Un’inchiesta che non doveva nascere
Le prime indagini sull’incidente si muovono tra omissioni e incongruenze. Gli esperti dell’Aeronautica non trovano residui di esplosivo, ma non effettuano neppure analisi approfondite sui frammenti dell’aereo. Alcuni componenti del velivolo vengono dispersi, altri smaltiti senza autorizzazione. Le testimonianze di chi vide l’esplosione in cielo vengono archiviate. Eppure, il sospetto cresce. Nel 1963 il giornalista Fulvio Bellini pubblica un’inchiesta dal titolo Enrico Mattei è stato assassinato. È la prima volta che qualcuno lo scrive apertamente. Nel decennio successivo, il caso diventa simbolo di un’Italia che non vuole guardare nei propri archivi.
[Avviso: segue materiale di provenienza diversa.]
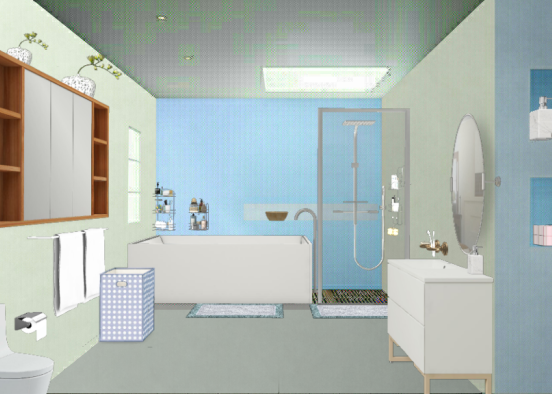 Simple Bathroom Design Rendering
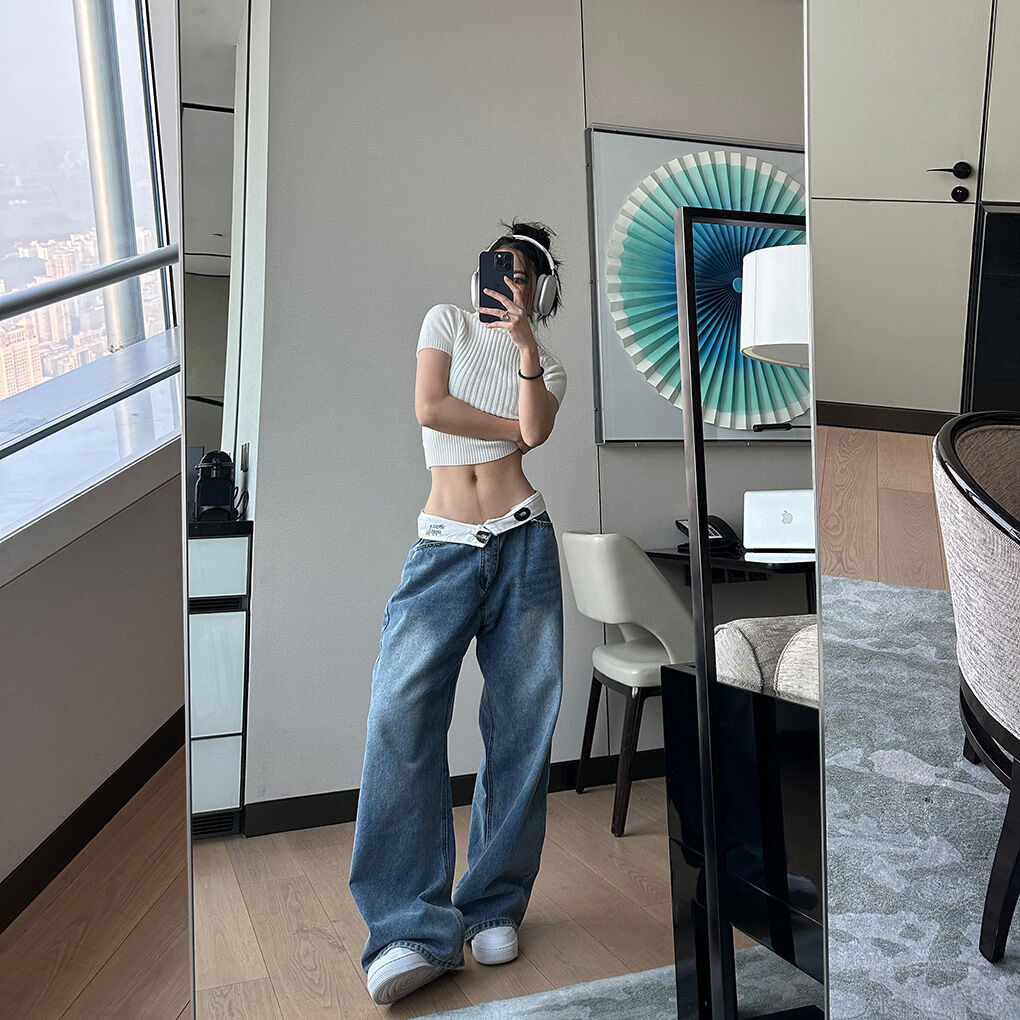 DQSTORE Jeanshose für Damen mit hoher Taille und weitem Bein, hellfarbiges Baumwollmaterial, Frühlings- und Sommersaison, ideal für Geburtstagsfeiern von 18-24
Un Paese che, tra boom economico e Guerra Fredda, preferisce l’oblio alla verità.
Il simbolo di un’Italia che cercava autonomia
Mattei non era un santo, ma era un innovatore politico. Credeva che lo Stato potesse competere con il capitale privato e che la ricchezza pubblica dovesse servire a liberare il Paese dalla sudditanza energetica. Nel suo modello, l’impresa pubblica non era burocrazia, ma strumento di potere strategico. Questo lo poneva in rotta di collisione non solo con le grandi compagnie internazionali, ma anche con parte della classe dirigente italiana, più incline al compromesso atlantico che alla sfida mediterranea. Il suo carisma era tale da superare gli steccati ideologici: laici e cattolici, liberali e socialisti, tutti riconoscevano in lui un manager di Stato dotato di visione globale. La sua morte, improvvisa e misteriosa, segna la fine di quella stagione di ambizione nazionale. E apre la strada a un decennio di ombre, dove il potere si mescola al segreto e la verità diventa un bene raro.